Now, the allegedly harmful. Forced evictions, like those he cites in Phnom Penh , are not the result of titling, but of a lack of security in those titles due to a lack of rule of law. No system of private property worthy of the name involves private parties "buying squatter-occupied state land from various government officials," much less while those officials "pocket the money, thus looting the land both from the state and from the poor." To say that such monstrosities are honestly "inspired by de Soto 's work"—even when those countries' ruling authorities say they are—is like placing the blame for sectarian violence on entire religions rather than on a few fanatics' twisted interpretations.

 

Gravois rightly condemns gross misapplications of land titling. So would de Soto . In the preface to The Other Path, he notes that he wants to push "those on the right to realize that the free market is not enough, that modern political and judicial institutions must accompany liberalization if economic growth is to take place, if it is to be sustained, and if it is to be accompanied by social justice." This is pushing land titling at all costs?

 

Gravois also misrepresents de Soto by suggesting that, for de Soto , animating "dead capital" is everything.
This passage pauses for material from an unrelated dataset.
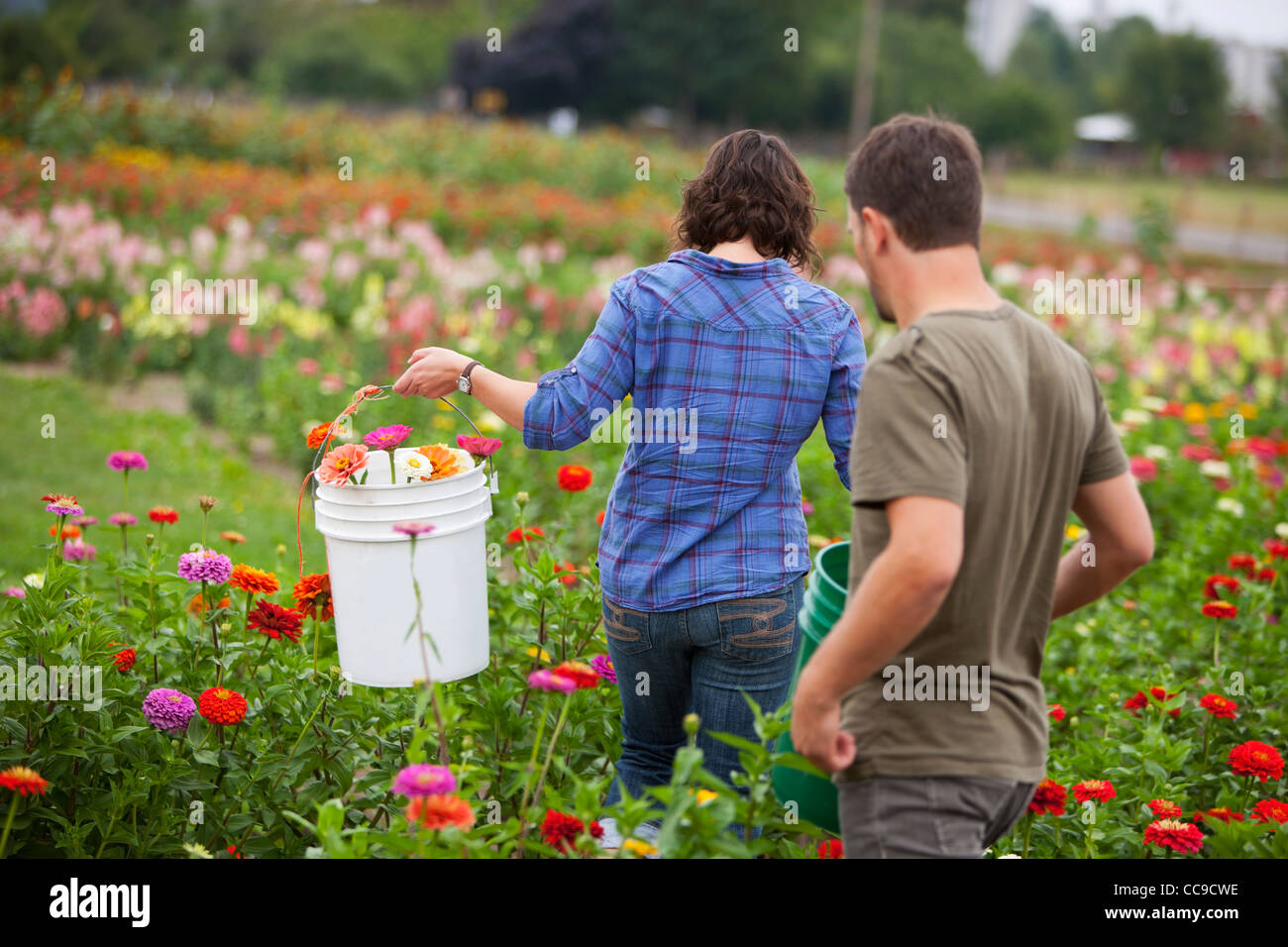 Woman picking flowers rear hires stock photography and images Alamy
Yet land titles animate something else—incentives, which Gravois doesn't even mention, even though de Soto has articulated the incentive value of property as clearly as is possible.

 

"Contrary to the belief widespread in Latin America, the economic importance of property rights is not that they provide assets which benefit their holders exclusively, but that they give their owner sufficient incentive to add value to their resources by investing, innovating, or pooling them productively." (The Other Path, p. 178)

 

Further, the approach Gravois endorses, British urban planner Geoffrey Payne's plan to introduce improvements before titling to give those titles greater value, could very well complement de Soto 's titling approach. But even then, secure property rights are crucial to make any improvements last.

 

The Other Path, Indeed

 

Hernando de Soto 's policy proposals are not perfect—nothing is—so failures will happen and successes will tend to be qualified. But success is often undeniable, and de Soto 's policy successes are real. Just ask the now-moribund Shining Path.

 

So why does Gravois show such distaste for de Soto ? Apparently, because he has marketed his ideas better than has Payne: "[S]adly, the Davos set doesn't have a crush on Geoffrey Payne, and de Soto has never sat down for a debate with him." Gravois doesn't say whether de Soto has actually rejected such an invitation. But greater discussion is always welcome.

 

Gravois makes some valid points. There are no panaceas for economic development. Policies can be misapplied. And there are other things besides property titling that are necessary to lift people out of poverty. On this last count, he unfortunately fails to mention an essential element--so glaring by its absence in his Phnom Penh example—the rule of law. But these are hardly revelations, so never mind, keep the presses rolling.